Sweet Home: una riflessione sulla nostra umanità

Dal 19 luglio è disponibile su Netflix la terza attesissima e ultima stagione di Sweet Home (in hangeul 스위트홈), il drama horror made in Corea che ha scatenato opinioni controverse nel pubblico. Creata da Hong So-ri, Kim Hyung-min e Park So-jeong, la serie si basa sull’omonimo webtoon del 2017, scritto da Kim Carnby e illustrato da Hwang Young-chan. Con un cast che comprende Song Kang, Lee Jin-uk, Lee Si-young, Ko Min-si e Lee Do-hyun, questa nuova stagione tenta di risollevare le sorti della seconda che, secondo il pubblico, si è discostata troppo dalla prima, che rimane a oggi quella più apprezzata.

La trama

Nella prima stagione siamo catapultati in un mondo che “sta per finire”, costretti a vivere nella Green House insieme ai suoi condomini, a cui riusciamo ad affezionarci talmente tanto da piangerne la morte.
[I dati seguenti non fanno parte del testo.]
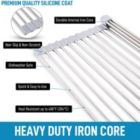 Alternate image 3 for Zulay Kitchen Multipurpose Roll Up Sink Drying Rack Medium - Grey 17in.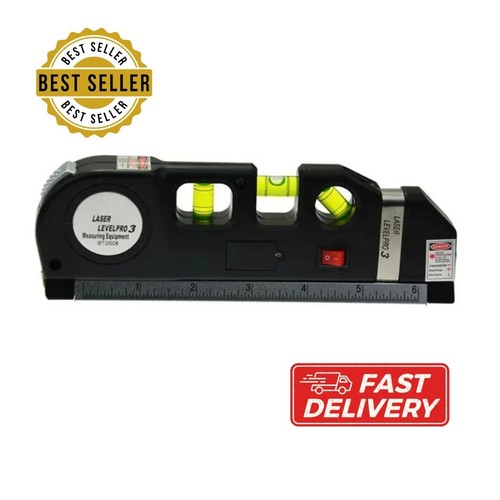 Spirit level with - with, laser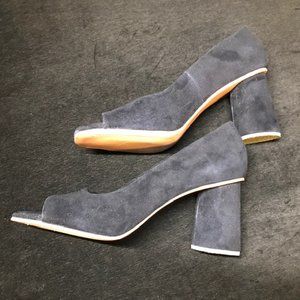Rachel Comey Navy Blue/Gray Suede Pumps-NEW Size 7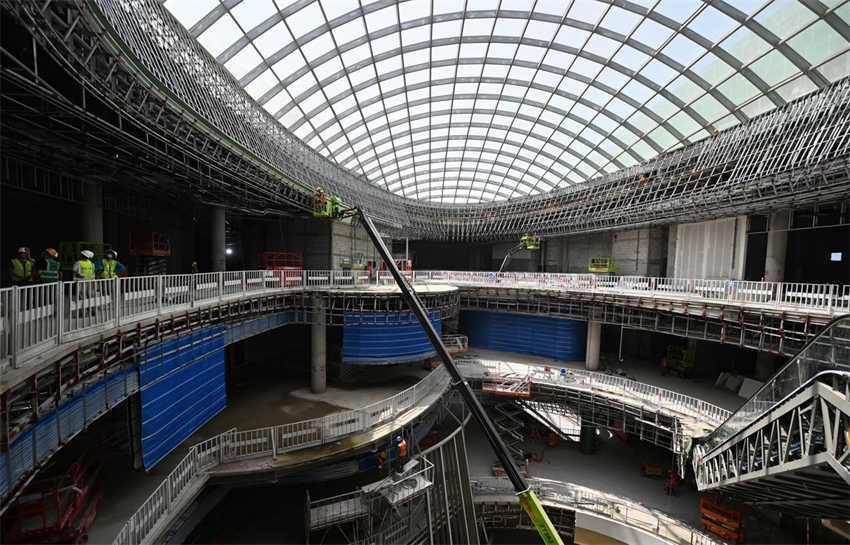 Constru??o do projeto da Cidade Internacional Duty Free de Haikou decorre sem incidentes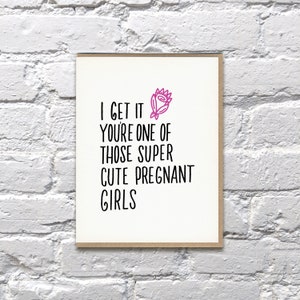 Carte de presse-lettres enceinte super mignonne
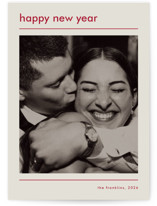 Modern blessing Christmas Photo Cards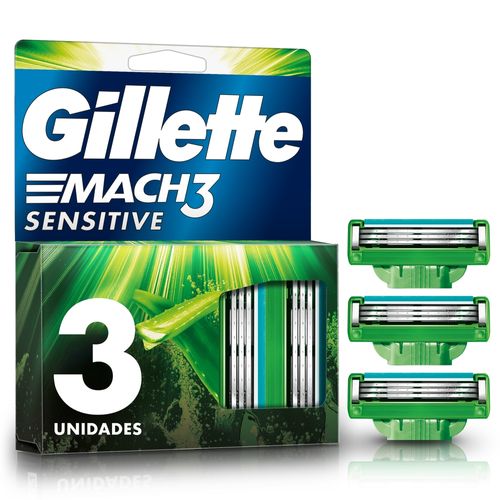 Repuestos para Rasuradora Gillette Mach3 Sensitive -3 Uds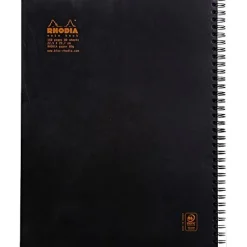 Cuaderno Cuadrícula Negro Rhodia A4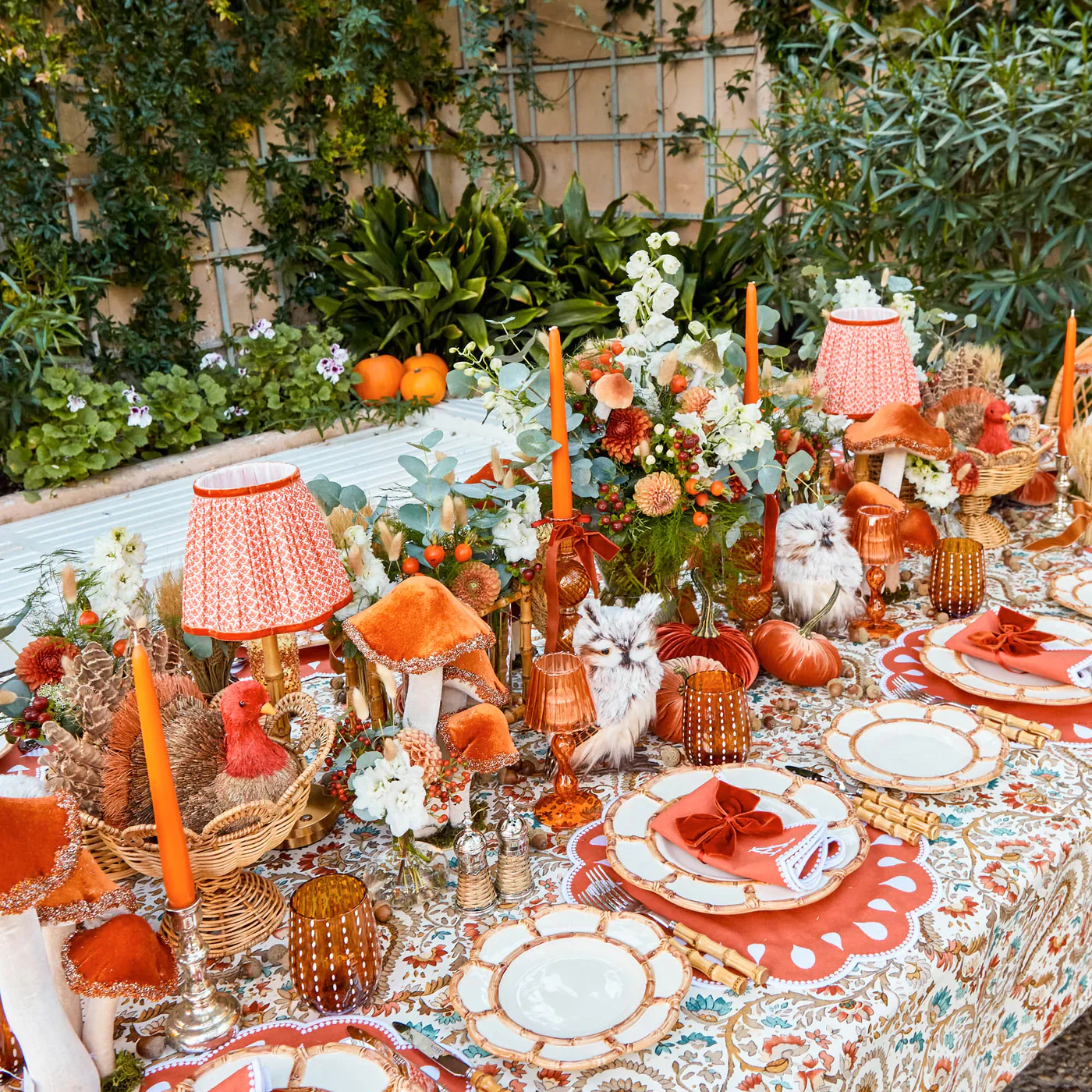 Handmade Orange Candles (Set of 8) - Image 4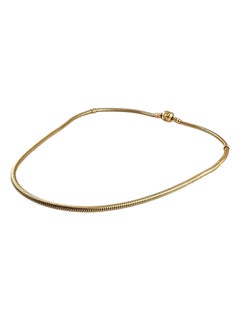 Collar Pandora de cadena de serpiente de oro amarillo de 14 quilates 16" #19795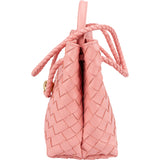 Bottega Veneta Pink Intrecciato Leather Small Andiamo Tote Handbag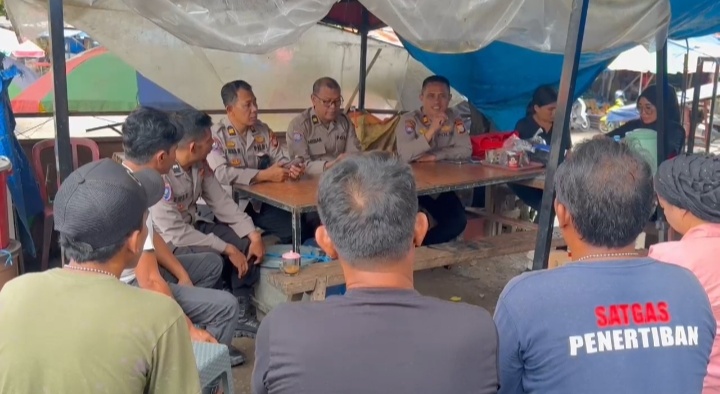 Satbinmas Polres Gowa Laksanakan Himbauan Kamtibmas di Pasar Minasa Maupa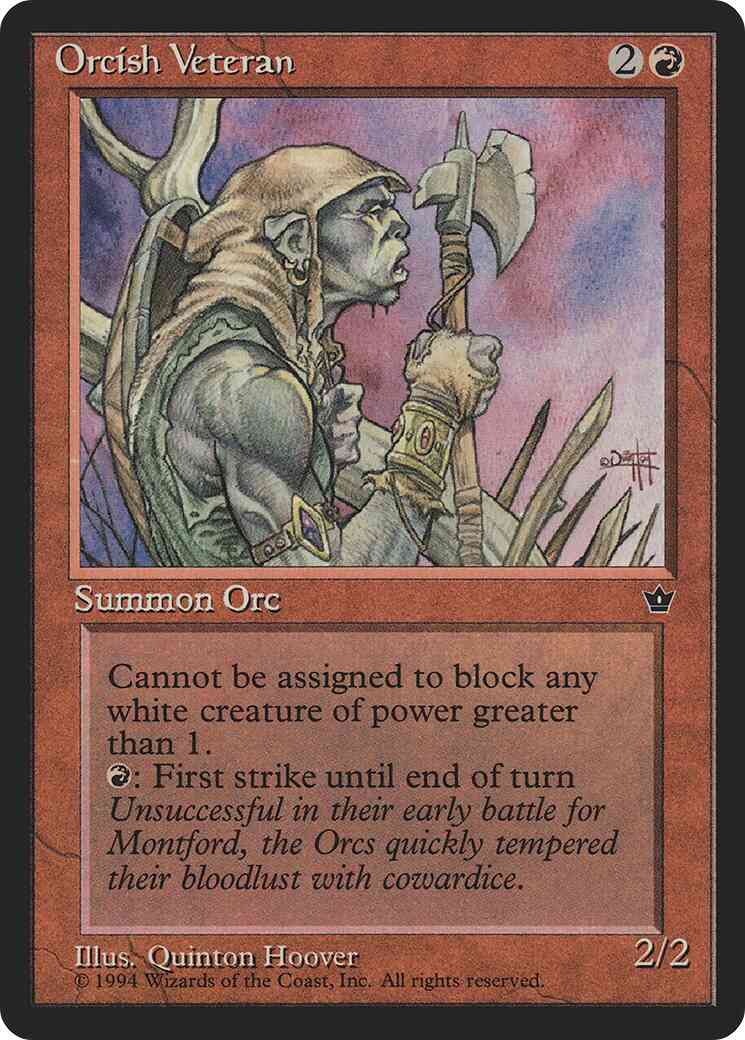 Orcish Veteran [Quinton Hoover] [62c] [Fallen Empires] [Non-Foil]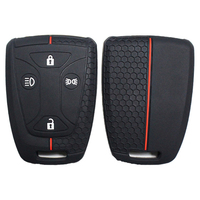 2024 nouveau 4 boutons Silicone programmeur de clé de voiture Fob support de boîtier télécommande Protection sac camion clé couverture pour SAAB Scania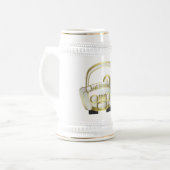 結婚祝いマグカップ ビールジョッキ (正面左)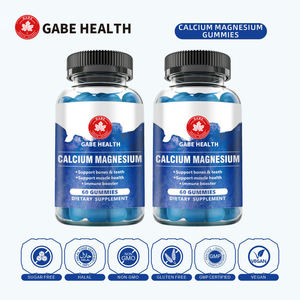 Gomitas de Zinc, Calcio y Magnesio para Adultos, Marca Privada OEM, Suplemento para el Cuidado de la Salud, Apoyo para la Salud Ósea y Muscular, 2 Gomitas Diarias, Personalizadas - Product Image 4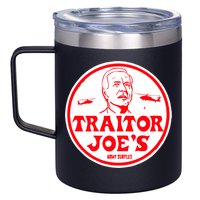 Traitor Joe's Funny 12oz Stainless Steel Coffee Mug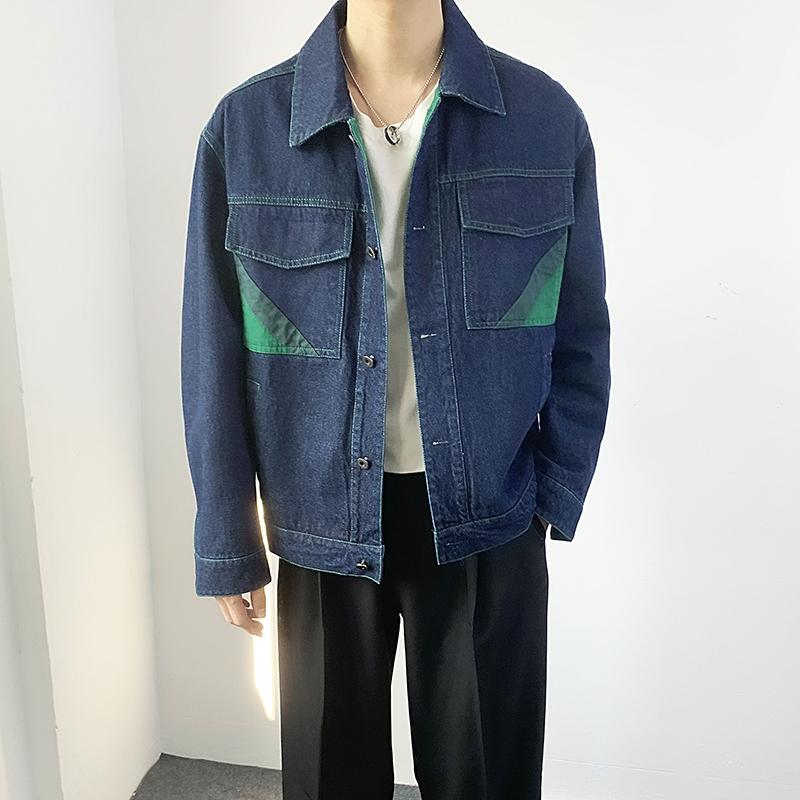 春 コーデ メンズ 用 服 分かりやすい 流行り物 オシャレ 成年者 かっこいい 途轍も無い大いさ 表どおり 成人男性服 トップス 韓国表現スタイル ジーンズ 上衣 ライダース レトロ 細工物お召しもの ともし火 上衣 メンズファッション-コート・ジャケット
Nella seconda stagione i superstiti della Green House abbandonano il loro rifugio, ormai troppo pericoloso, per raggiungere lo stadio della città, sorvegliato dal gruppo di militari chiamati Plotone Corvo. Avevamo lasciato i nostri personaggi in una situazione tutt’altro che piacevole: Seo Yi-kyung (Lee Si-young), che nella prima stagione scopre di essere incinta, dà alla luce una bambina (Kim Si-a) che, infetta fin dalla nascita, ha la capacità di trasformare rapidamente gli umani in mostri e suoi seguaci.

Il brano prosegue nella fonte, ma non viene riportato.